RE_WORD = re.compile('\w+')


class Sentence:
    def __init__(self, text):
        self.text = text
        self.words = RE_WORD.findall(text)

    def __getitem__(self, index):
        return self.words[index]

    def __len__(self):
        return len(self.words)

    def __repr__(self):
        return 'Sentence(%s)' % reprlib.repr(self.text)


### Iterators
- Standard iterface for an iterator has 2 methods:
    - `__next__` - Return the next available item. Raise `StopIteration` when there are no more items.
    - `__iter__` - Return `self`. Allows iterators to be used where iterables are expected, e.g in for loops.

> #### iterator
> Any object that implements the `__next__` no-argument method which returns the next item in series or raises a `StopIteration` when there are no more items. Python iterators implement the `__iter__` method so that they are _iterable_ as well.


- Iterables have an `__iter__` method that instantiates a new iterator every time.

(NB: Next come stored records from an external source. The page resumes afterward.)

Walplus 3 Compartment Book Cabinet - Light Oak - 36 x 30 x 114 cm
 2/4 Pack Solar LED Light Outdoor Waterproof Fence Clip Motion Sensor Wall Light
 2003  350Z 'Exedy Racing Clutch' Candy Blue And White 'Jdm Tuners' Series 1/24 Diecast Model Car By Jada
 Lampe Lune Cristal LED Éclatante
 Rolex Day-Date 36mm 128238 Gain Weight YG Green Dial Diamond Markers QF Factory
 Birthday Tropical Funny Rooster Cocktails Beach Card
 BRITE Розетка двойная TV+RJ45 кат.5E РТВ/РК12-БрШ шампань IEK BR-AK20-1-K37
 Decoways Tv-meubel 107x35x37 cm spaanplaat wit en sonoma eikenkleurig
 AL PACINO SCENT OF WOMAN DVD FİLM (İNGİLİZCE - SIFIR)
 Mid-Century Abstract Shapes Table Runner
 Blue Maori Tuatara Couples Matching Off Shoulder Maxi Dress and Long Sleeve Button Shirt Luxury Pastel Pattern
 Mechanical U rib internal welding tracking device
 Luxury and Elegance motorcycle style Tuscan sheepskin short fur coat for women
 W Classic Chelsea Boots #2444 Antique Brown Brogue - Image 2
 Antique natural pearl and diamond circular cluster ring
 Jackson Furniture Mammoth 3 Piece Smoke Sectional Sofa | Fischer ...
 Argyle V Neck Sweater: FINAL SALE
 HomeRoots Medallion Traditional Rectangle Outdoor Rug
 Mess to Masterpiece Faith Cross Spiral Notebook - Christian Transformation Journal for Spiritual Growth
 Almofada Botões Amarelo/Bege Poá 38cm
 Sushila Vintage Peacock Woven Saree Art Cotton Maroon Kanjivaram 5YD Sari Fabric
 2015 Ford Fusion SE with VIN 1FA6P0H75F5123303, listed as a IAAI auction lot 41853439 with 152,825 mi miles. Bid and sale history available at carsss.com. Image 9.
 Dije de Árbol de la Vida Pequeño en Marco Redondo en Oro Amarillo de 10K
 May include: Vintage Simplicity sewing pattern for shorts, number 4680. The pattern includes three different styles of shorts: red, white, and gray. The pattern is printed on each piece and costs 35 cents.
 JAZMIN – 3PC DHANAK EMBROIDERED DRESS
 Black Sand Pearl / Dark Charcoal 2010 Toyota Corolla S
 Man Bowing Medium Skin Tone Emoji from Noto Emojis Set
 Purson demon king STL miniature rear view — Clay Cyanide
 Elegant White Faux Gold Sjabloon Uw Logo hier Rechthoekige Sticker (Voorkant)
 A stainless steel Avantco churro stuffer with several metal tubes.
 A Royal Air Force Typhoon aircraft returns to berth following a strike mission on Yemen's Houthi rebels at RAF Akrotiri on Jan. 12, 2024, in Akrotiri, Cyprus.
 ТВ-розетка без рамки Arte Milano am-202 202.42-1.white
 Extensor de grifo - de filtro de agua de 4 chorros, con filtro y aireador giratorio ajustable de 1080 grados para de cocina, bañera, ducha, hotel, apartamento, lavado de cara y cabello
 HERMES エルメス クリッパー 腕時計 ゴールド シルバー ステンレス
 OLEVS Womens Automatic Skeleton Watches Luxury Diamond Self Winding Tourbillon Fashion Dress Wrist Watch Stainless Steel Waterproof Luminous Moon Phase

Iterators implement a `__next__` method that returns individual items and an `__iter__` method that returns `self`.
> Iterators are also iterable, but iterables are not iterators.

- An iterable should never act as an iterator over itself, i.e, iterables must only implement `__iter__` but not `__next__`.
- Iterators should have an `__iter__` method that just returns `self` so that the iterator is iterable, for convenience.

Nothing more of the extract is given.